Full Shelters and “Shredding the Safety Net”

This is one of an occasional post from Margaret Epperheimer, a seven-year member of Next Door’s Board of Directors.

Kudos to the San Jose Mercury News for putting a human face to the plight of women and children fleeing abuse and confronting the “no vacancy” sign at local shelters.  The recent front-page story, featuring the plight of Melissa Strawn and her two young sons, details the statewide dilemma of increasing need and more severe abuse, at the same time budgets are being cut and shelters are closing. Next Door’s Kathleen Krenek calls this “the reality of shredding the safety net.” Indeed!

Tragically, it’s not just domestic violence programs and services that are suffering. Recent years have seen cuts upon cuts of government funding for social and human services. Unfortunately, the abused, the homeless, the disabled and the disadvantaged tend not to have a voice. They are too fearful, injured, sick or simply incapable of doing anything other than struggle day-to-day to survive. Because they are invisible to most of us, we are lulled into believing they do not exist — or at least don’t exist in the staggering and increasing numbers the local health and human services agencies are seeing.

Next Door is not the only agency in the Bay Area providing domestic violence services and emergency shelter, but, like the others, it is operating at capacity.  Its emergency shelter in San Jose, which happens to be the first bilingual battered woman’s shelter in the U.S., provides more than 5,500 bed-nights annually to victims fleeing domestic violence.  It provides supportive services at HomeSafe facilities in San Jose and Santa Clara, which are 48 affordable transitional housing units for women and children – also at capacity.  Staff and volunteers operating 24/7 crisis hotline (408-279-2962) responded to more than 15,000 calls last year.  Amazing!

Domestic violence shelters are often the only thing standing between victims and grave physical harm.  We may look the other way because we have our own safe, peaceful, non-violent homes to shelter us and our loved ones.  But we’re kidding ourselves if we think we’re not affected.

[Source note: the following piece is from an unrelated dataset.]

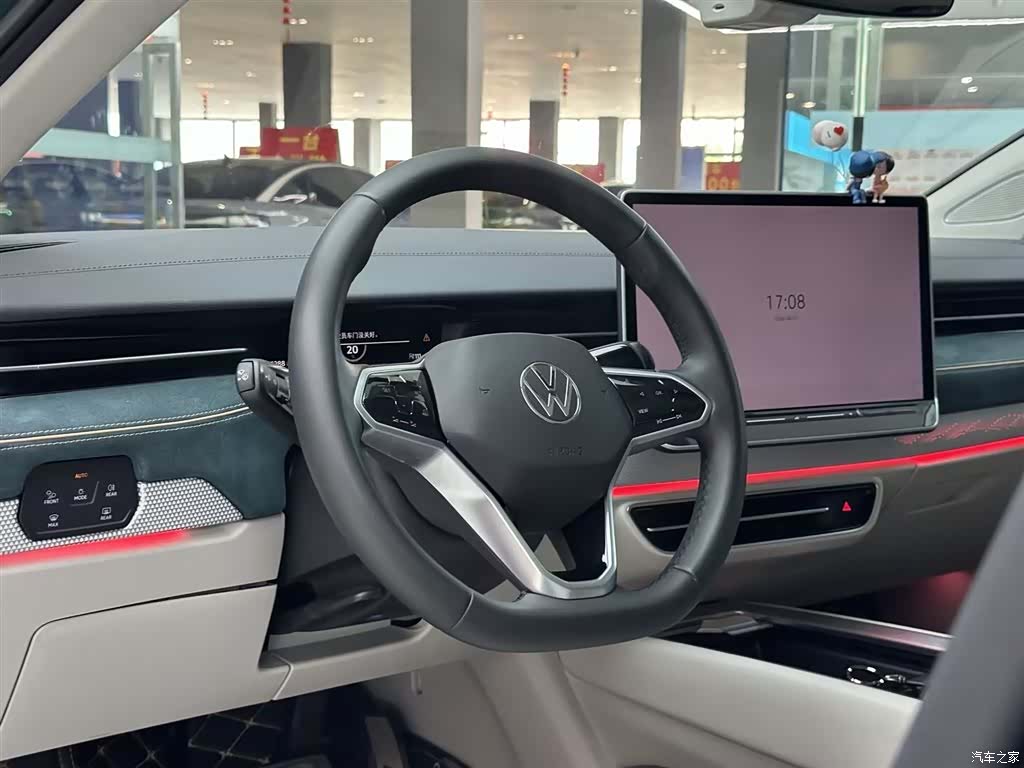 Volkswagen ID.7, 2026 13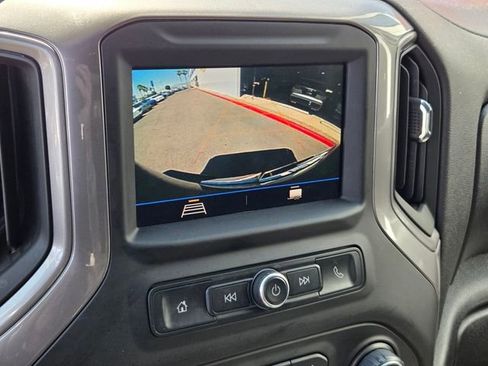 Certified 2022 Chevrolet Silverado 1500 Custom w/ Safety Confidence Package RWD image 21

With domestic violence on the rise in the declining economy, serious public safety issues increase. Studies show gangs, child abuse, juvenile detention and violent crime are all tied to exposure to domestic violence.  The cost to a community is staggering in terms of health care, property loss, ambulance services, police response, criminal justice processes and lost productivity.

Those of us who are safe, warm and peaceful in our homes need to help shoulder the responsibility of making certain there’s shelter for those whose escape from a batterer can mean the difference between life and death.  Our shelters are over-flowing, but if we all ante up, agencies can provide more emergency hotel-night stays to victims whose only hope of survival is to flee.  It won’t take much if we all share the burden.  Can you afford $25 right now to provide someone with one night’s peace? Do it!